Их коноводом и главарем был Павел Кузнецов. Он задавал тон; он был законодателем мод и вкусов. В плеяде изумительных он был самым изумительным. Если бросались в глаза курьезы, он был самым курьезным, если замечались непонятности, он был наиболее непонятным, если, наконец, многое ошеломляло, то ничто так не ошеломляло, как эти кузнецовские уродцы, «выкидыши», большеголовики, голубые, заревые и тающие, на краю водоемов, под смутными струями голубых, заревых и тающих фонтанов. Кузнецовская живопись находилась тогда в периоде, который получил выразительное название «периода нерожденных младенцев». Мудрено ли, что это сочли безусловным зенитом «декадентства». Может быть, так оно и было. Во всяком случае, говорили: «Дальше – некуда». Это было верно.
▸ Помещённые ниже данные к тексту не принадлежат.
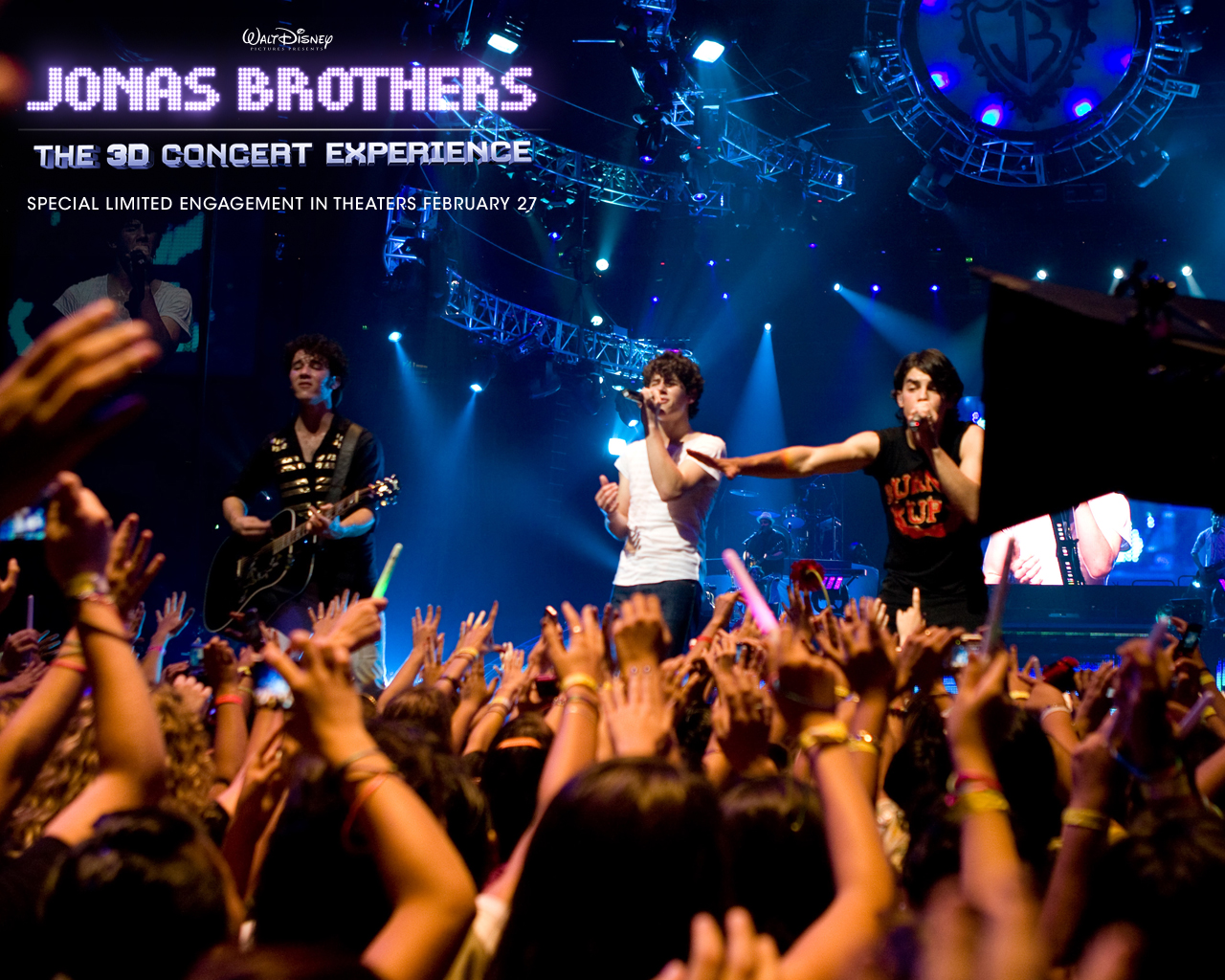 Jonas Brothers in Jonas Brothers: The 3D Concert Experience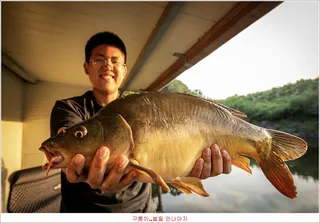 봉 낚시터 조행기..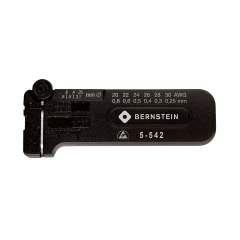 Bernstein 5-542. ESD Präzisionsabisolierer Ø 0,25-0,80 mm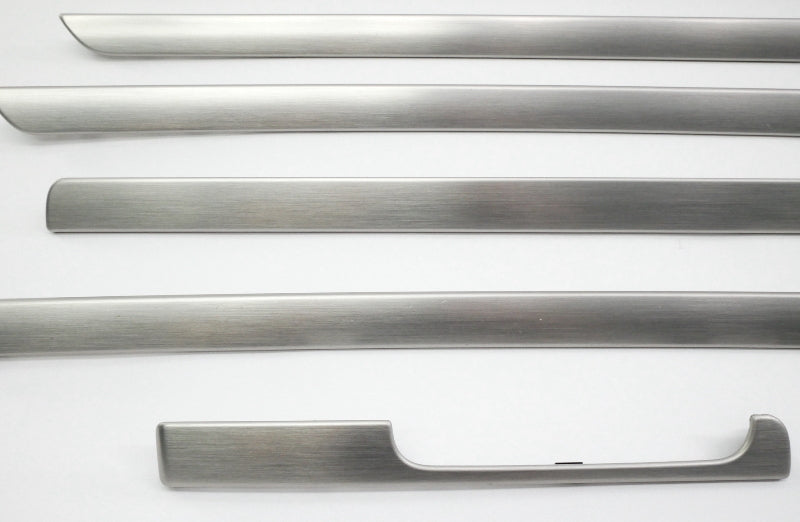 Brushed Aluminum Dash & Door Interior Trim Set VW 05-10 Jetta GLI GTI Rabbit Mk5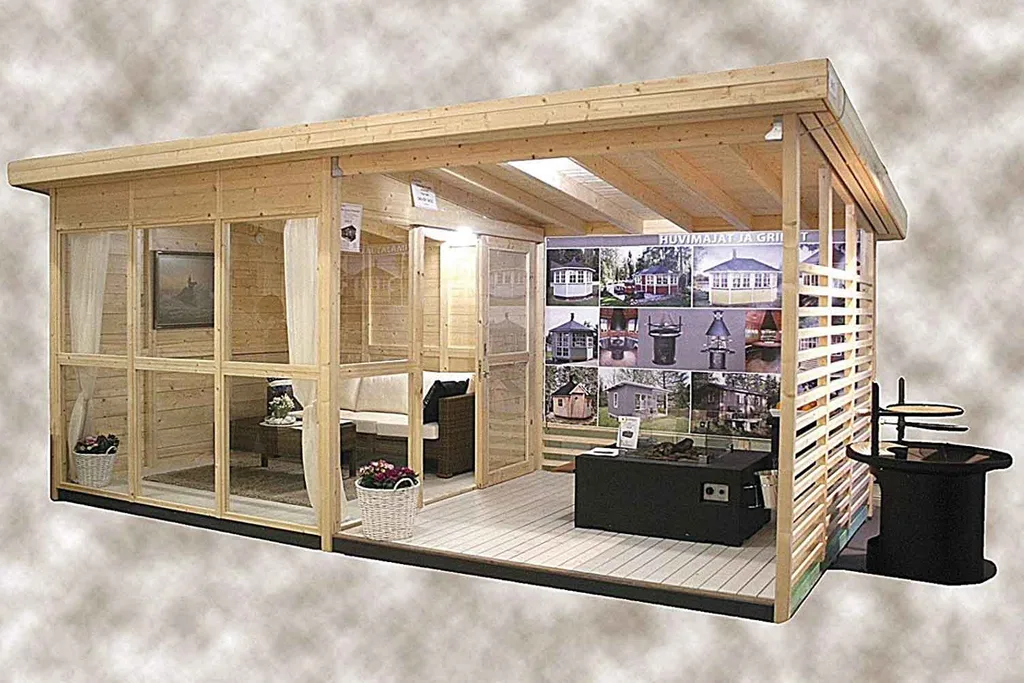 Flatpack tiny house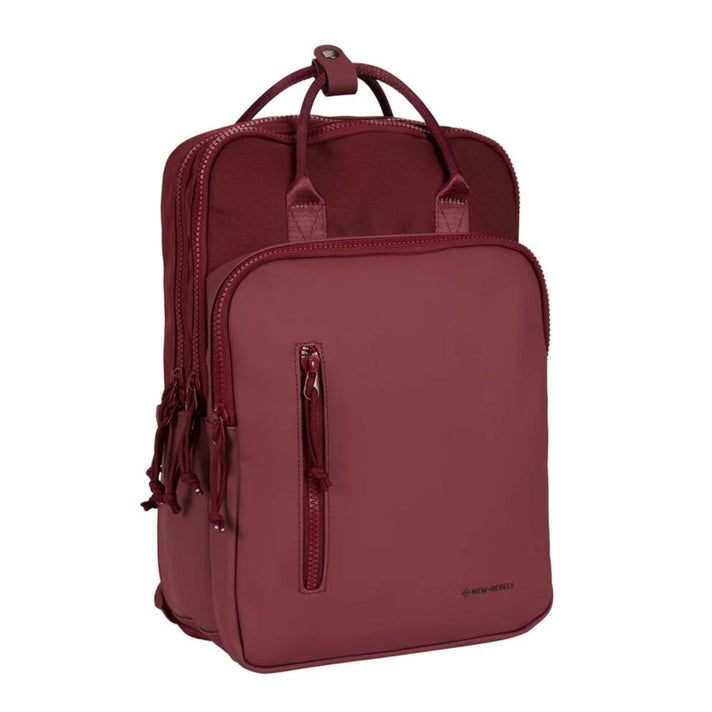 New Rebels Laptoprugzak 51.1446 Bruce- Milwaukee Burgundy 24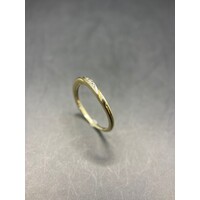 Ladies 9ct Yellow Gold Ring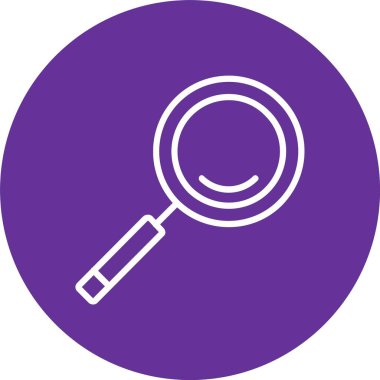 Arama vektör simgesi tasarım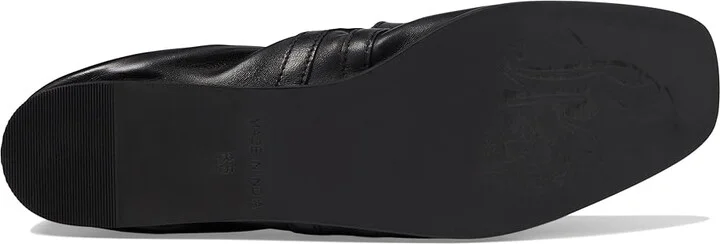 Free People Gemini Ballet Flat Women's Shoes Black : EU 36 (US Women's 6) M, Leather - Image 3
Но забывали – или не осмеливались вслух добавить: «Но и глубже некуда». И однако это второе свойство в кузнецовских большеголовиках чувствовалось, воспринималось и возникало у всех зрителей само собой, непроизвольно, свидетельствуя о даровании очень необычном и не похожем на те, которые обступали вокруг. И тут было самое важное.
2
Кузнецов был мечтателем, его друзья были забавниками. Он видел, они сочиняли. Он чувствовал, они играли. Он смотрел внутрь, они – наружу. Мысль о маске по отношению к нему упорно колебалась. Гримаса – да, она была очевидна и несомненна; но кузнецовское «Утро» на «Голубой розе» привело мне на память неодолимую, роковую гримасу «Человека, который смеется» – до такой степени кузнецовская кривость была убедительна и органична.
В те годы литераторствующие мистики охотно играли противоположением «лика» и «личины». Так вот: странности Кузнецова были «ликом», странности прочих – «личинами». Сквозь прорези их масок поблескивали задорные глаза, и под масками нащупывались упругие, безусые и розовые лица. Тут твердо знали аксиому славы: «Чтобы быть замеченным, надо заставить себя заметить». А Кузнецов ходил среди них Иванушкой-дурачком.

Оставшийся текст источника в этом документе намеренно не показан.